In adult humans, hemoglobin is a tetramer, consisting of two alpha and two beta subunits, and each subunit has a molecular weight of about 16,000, for a total molecular weight in the tetramer of about 64,000. In the tetrameric form of normal adult hemoglobin, the binding of oxygen is a cooperative process, with the binding affinity of hemoglobin for oxygen affected by the oxygen saturation of the molecule. As a consequence, the oxygen binding curve of hemoglobin is sigmoidal, or 'S' shaped, as opposed to the normal hyperbolic (noncooperative) curve.

The binding of oxygen as well is affected by molecules such as 2,3-diphosphoglycerate, which lowers the affinity of hemoglobin for oxygen. In people acclimated to high altitudes, the concentration of 2,3-diphosphoglycerate in the blood is increased, which allows these individuals to deliver a larger amount of oxygen to tissues under conditions of lower oxygen tension. This phenomenon, where molecule Y affects the binding of molecule X to a transport molecule H, is called a heterotropic allosteric effect.

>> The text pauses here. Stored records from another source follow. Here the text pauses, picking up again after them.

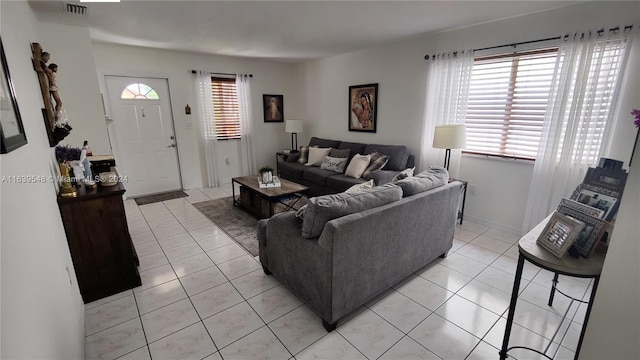 living room featuring light tile patterned flooring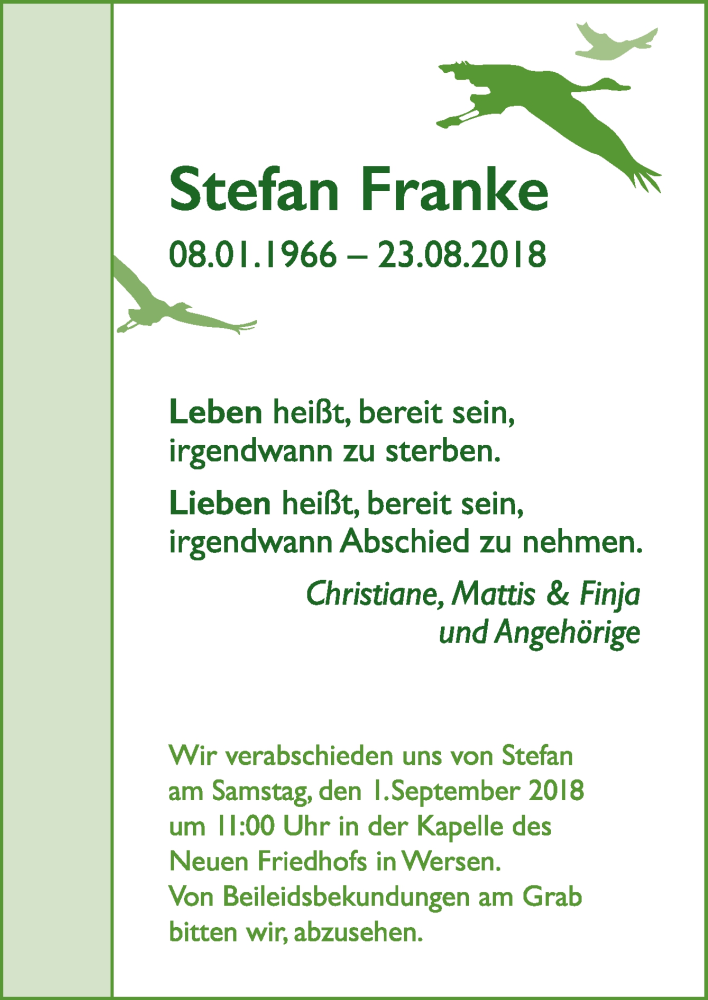  Traueranzeige für Stefan Franke vom 29.08.2018 aus Neue Osnabrücker Zeitung GmbH & Co. KG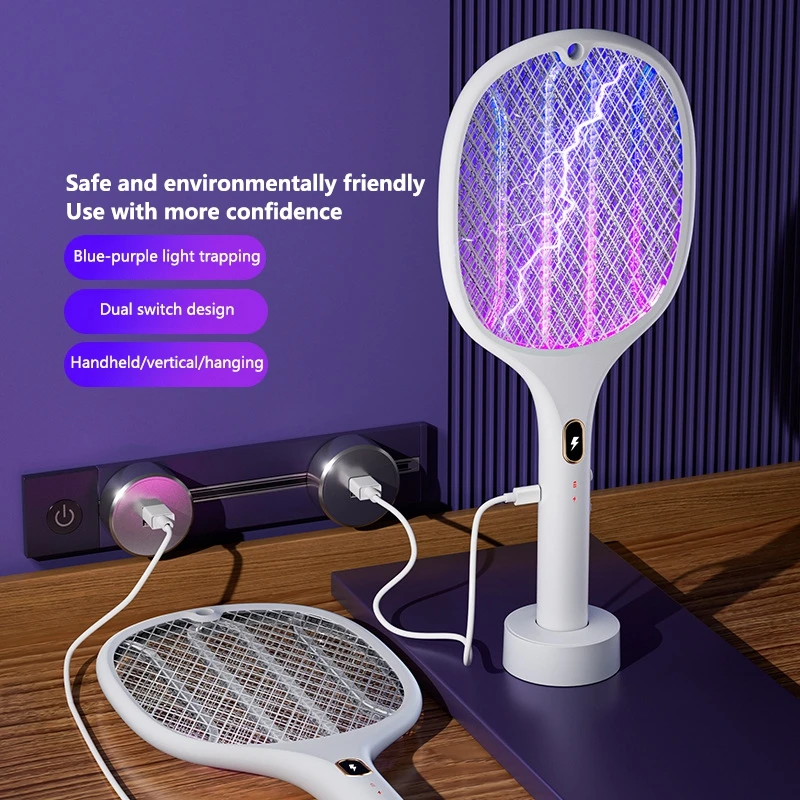 3 In 1 Multi Functional Bug Zapper Racket Usb Rechargeable Mosquito Killer Safe Electric Mosquito Swatter Pest Control Supplies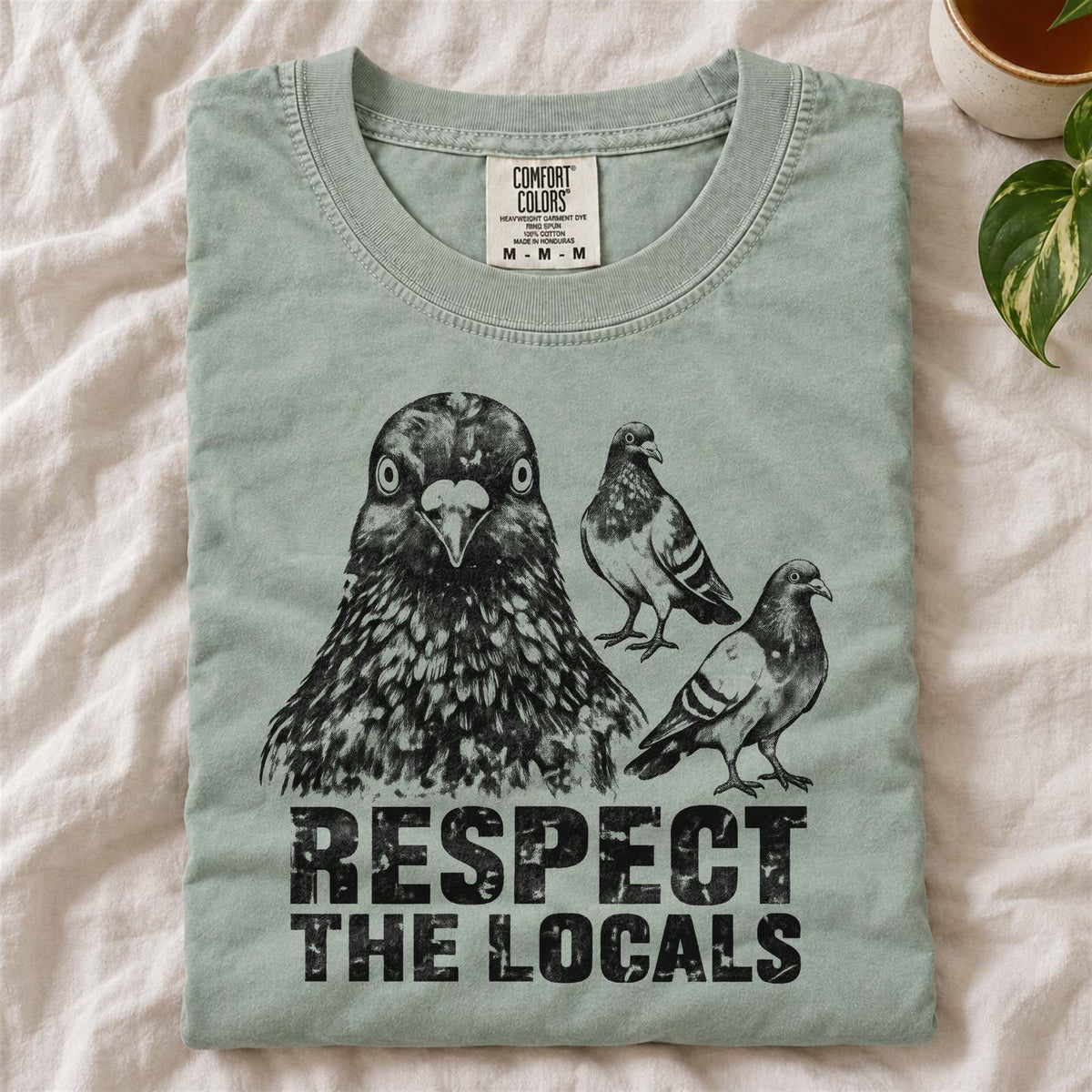 Pigeon Respect The Locals Comfort Colors T-Shirt Bay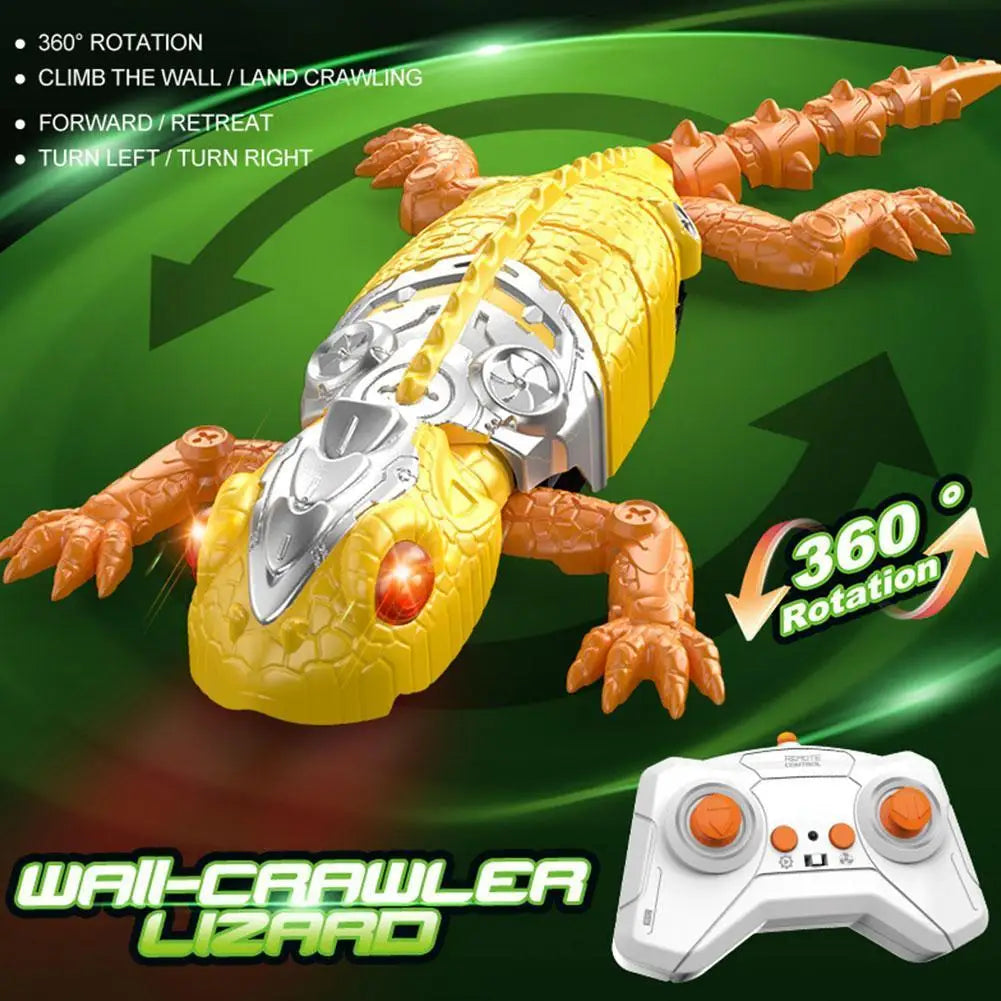 Realistic Biomimetic RC Wall Climbing Lizard Robot Toy Remote Control Gecko That Climb Glass & Smooth Wall Decor Christmas Gift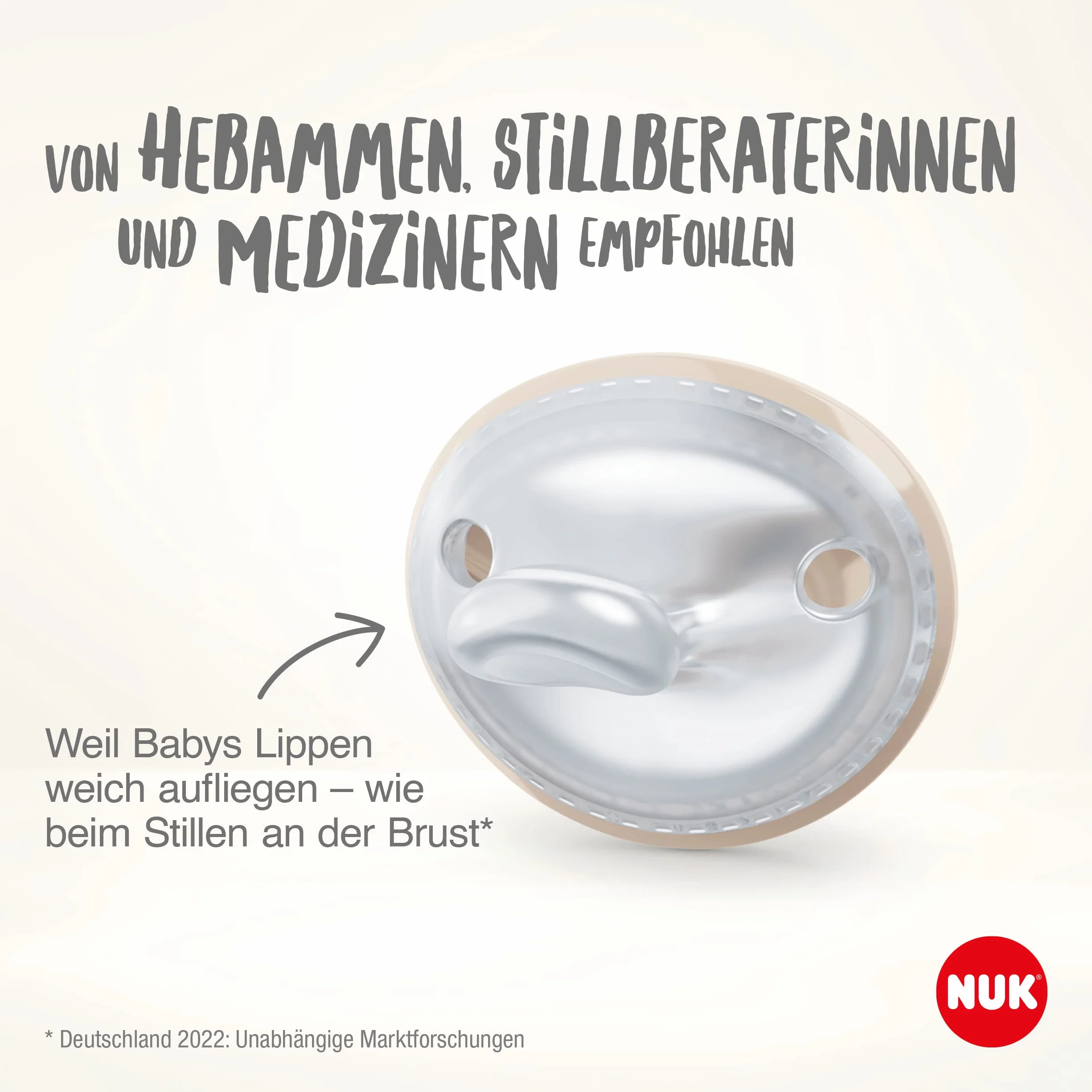 NUK MommyFeel smoczek dziecięcy, 0-9 miesięcy, przyjazne podczas karmienia, silikon bez BPA, róż i piaskowiec, 2 sztuki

When red cells reach the end of their life, they are broken down, and the haemoglobin molecule broken up and the iron recycled. When the porphyrin ring is broken up, the fragments are normally secreted in the bile by the liver. There is a genetic disorder, known as porphyria in which this mechanism fails to work properly. King George III of the United Kingdom was probably the most famous sufferer from this disease.